> **TO DO**
Once the line containing "Main Lessons Learned reading" is found, copy it and each subsequent line exactly. Stop at the end of the records below.
Segment Open
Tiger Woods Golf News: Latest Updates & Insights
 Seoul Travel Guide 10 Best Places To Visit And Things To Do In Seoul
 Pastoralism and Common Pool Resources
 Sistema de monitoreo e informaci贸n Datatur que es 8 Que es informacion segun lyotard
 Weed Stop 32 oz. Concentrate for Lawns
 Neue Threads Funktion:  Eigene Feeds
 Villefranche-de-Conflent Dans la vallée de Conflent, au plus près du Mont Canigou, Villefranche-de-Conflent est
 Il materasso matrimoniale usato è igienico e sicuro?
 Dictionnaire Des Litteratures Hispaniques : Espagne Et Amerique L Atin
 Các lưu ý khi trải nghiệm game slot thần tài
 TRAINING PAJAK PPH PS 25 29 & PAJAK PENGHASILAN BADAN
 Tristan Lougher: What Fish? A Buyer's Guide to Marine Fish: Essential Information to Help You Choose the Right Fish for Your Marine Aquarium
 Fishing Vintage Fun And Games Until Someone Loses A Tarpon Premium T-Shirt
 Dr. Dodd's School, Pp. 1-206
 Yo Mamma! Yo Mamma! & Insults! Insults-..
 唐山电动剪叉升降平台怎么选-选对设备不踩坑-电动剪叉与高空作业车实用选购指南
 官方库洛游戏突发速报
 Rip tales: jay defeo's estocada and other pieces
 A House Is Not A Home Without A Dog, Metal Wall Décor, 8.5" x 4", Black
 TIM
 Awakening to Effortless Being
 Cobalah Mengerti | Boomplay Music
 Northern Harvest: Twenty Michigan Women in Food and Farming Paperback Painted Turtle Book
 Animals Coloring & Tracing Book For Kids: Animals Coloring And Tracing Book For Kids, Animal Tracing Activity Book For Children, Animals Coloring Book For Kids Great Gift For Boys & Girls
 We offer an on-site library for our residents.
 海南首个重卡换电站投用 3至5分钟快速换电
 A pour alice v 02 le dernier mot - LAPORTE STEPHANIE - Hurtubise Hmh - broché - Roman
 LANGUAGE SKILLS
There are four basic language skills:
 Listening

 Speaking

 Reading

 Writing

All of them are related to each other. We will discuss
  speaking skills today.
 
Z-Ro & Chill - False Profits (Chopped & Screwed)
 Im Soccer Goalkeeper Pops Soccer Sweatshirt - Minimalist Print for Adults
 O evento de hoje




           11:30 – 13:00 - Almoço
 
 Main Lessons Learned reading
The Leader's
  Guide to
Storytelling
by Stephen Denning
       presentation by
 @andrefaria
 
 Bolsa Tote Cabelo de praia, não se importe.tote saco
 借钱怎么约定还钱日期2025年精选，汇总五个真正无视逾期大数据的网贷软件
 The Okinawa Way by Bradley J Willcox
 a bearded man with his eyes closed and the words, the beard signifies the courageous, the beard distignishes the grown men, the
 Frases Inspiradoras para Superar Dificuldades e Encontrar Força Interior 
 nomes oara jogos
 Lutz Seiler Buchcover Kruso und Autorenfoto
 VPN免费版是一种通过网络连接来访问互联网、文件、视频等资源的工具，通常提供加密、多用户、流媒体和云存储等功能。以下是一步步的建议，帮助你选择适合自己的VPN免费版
Segment Closed
> **ANSWER SECTION**
 Main Lessons Learned reading
The Leader's
  Guide to
Storytelling
by Stephen Denning
       presentation by
 @andrefaria
 
 Bolsa Tote Cabelo de praia, não se importe.tote saco
 借钱怎么约定还钱日期2025年精选，汇总五个真正无视逾期大数据的网贷软件
 The Okinawa Way by Bradley J Willcox
 a bearded man with his eyes closed and the words, the beard signifies the courageous, the beard distignishes the grown men, the
 Frases Inspiradoras para Superar Dificuldades e Encontrar Força Interior 
 nomes oara jogos
 Lutz Seiler Buchcover Kruso und Autorenfoto
 VPN免费版是一种通过网络连接来访问互联网、文件、视频等资源的工具，通常提供加密、多用户、流媒体和云存储等功能。以下是一步步的建议，帮助你选择适合自己的VPN免费版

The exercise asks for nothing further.